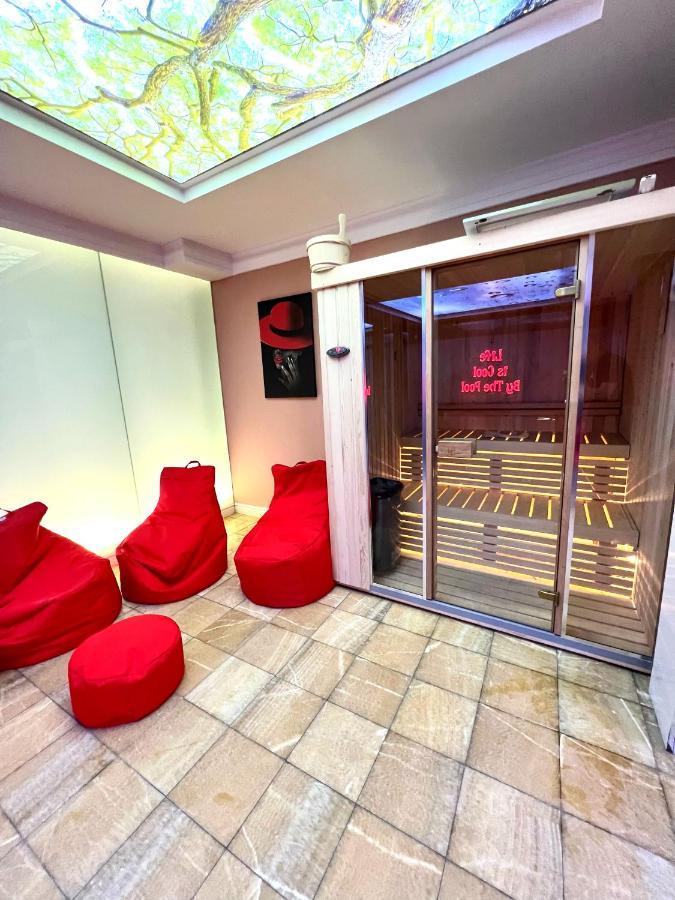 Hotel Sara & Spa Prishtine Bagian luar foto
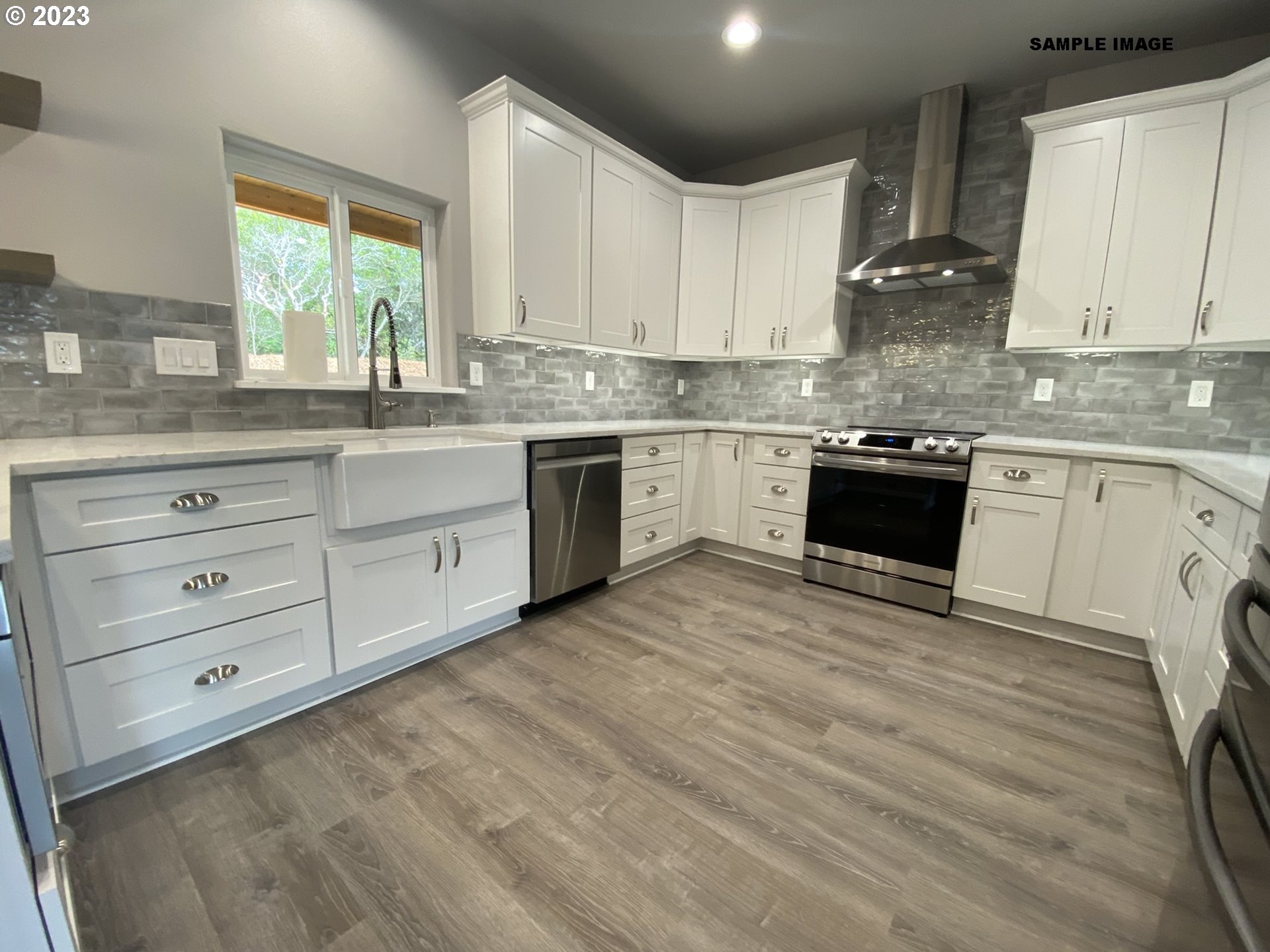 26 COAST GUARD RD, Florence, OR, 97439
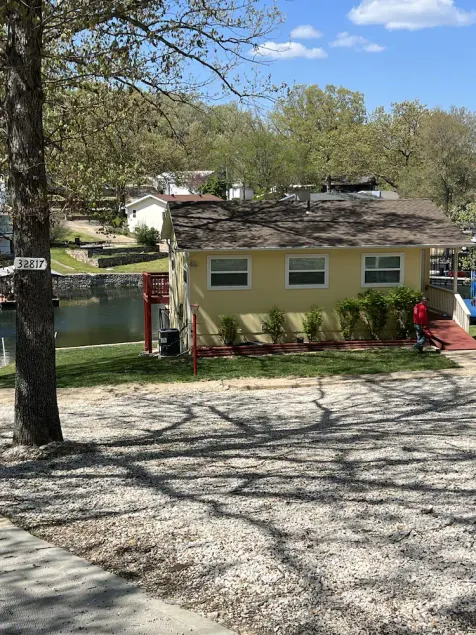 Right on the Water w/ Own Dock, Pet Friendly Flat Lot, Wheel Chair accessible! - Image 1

→ **What is expected**
Copy exactly the lines that run from the line containing "26 COAST GUARD RD, Florence, OR, 97439" to the end of the data, keeping both end lines and dropping every picture.

→ **Result of the exercise**
 26 COAST GUARD RD, Florence, OR, 97439
 Right on the Water w/ Own Dock, Pet Friendly Flat Lot, Wheel Chair accessible! - Image 1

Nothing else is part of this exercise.